What are your favorite new materials? I mostly use old materials in new ways, but I also have become a heavy user of the barred sexi floss spanflex legs from MFC. These make nymphs look so damn good and they are also so durable and effective that I now incorporate them into most of my medium to large size nymphs, dries and flats flies. I also like the Rub a Dub dubbing that has rubber strips blended into nice rabbit dubbing. It makes for such an easy method to create extra movement, and has proven itself completely with my crane bomb and other caddis nymphs too. I do also like those new colors in the Lucent beads such as Dirty Olive and Coffee. The days of the bright gold bead are often limited in any given summer now, and they stop working for me usually by the end of June or early July.
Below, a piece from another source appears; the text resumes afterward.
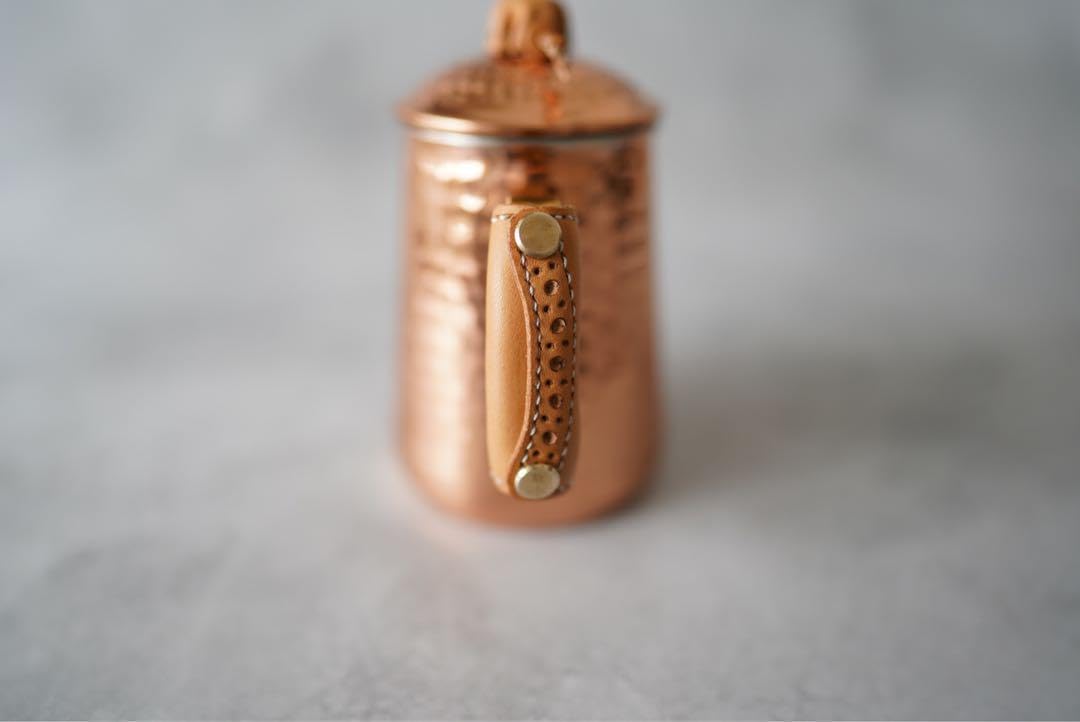 Amazon.co.jp: 【カリタ銅ケトル600ml専用】 ハンドル＆蓋持ち手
What is your favorite thread? I have thread in my kit from everybody, and actually I would also include MFC into that thread mix as their threads are terrific. I absolutely love the Veevus thread as it is so incredibly thin. Their thread along with every strong, small diameter thread creates such economy for those Colorado flies that really are more effective. “Thin to win” is an oft heard mantra for our tailwaters and smart fish. For the ocean, I like the Uni thread, and I always have some white, orange, pink, and chartreuse in the larger Uni sizes.
How many times do you whip finish? This one is funny and I think aimed at me because I still don’t know how to use a whip finishing tool. My friends are always making fun of me for this, and its just one of my eccentricities. This also comes from my upbringing and commercial tying at the shop that I grew up working for in Atlanta. The shop was and still is the Fish Hawk, and Gary Merriman showed me at age twelve how to do a whip finish by hand during the time that I was tying Tarpon, Trout, Bass and Bonefish flies for the shop. Its great to know how to do this for those larger flies, but a bit of a tricky deal when tying the smaller stuff for out here… saying there is bad knots and good glue! I actually don’t use much head cement and prefer super glue most of the time.
Final Thoughts: My best suggestion to other tiers whether they are creating their own patterns or just producing known recipes is to really think about the places that they fish right down to the layout of their favorite runs. Finessing the amount of weight or the color and profile of their flies is where some of the most substantial returns in tying lay. Someone once told me that what makes a good artist is looking at a great work underway, and knowing when to stop. Its a cliche, but less is more in tying.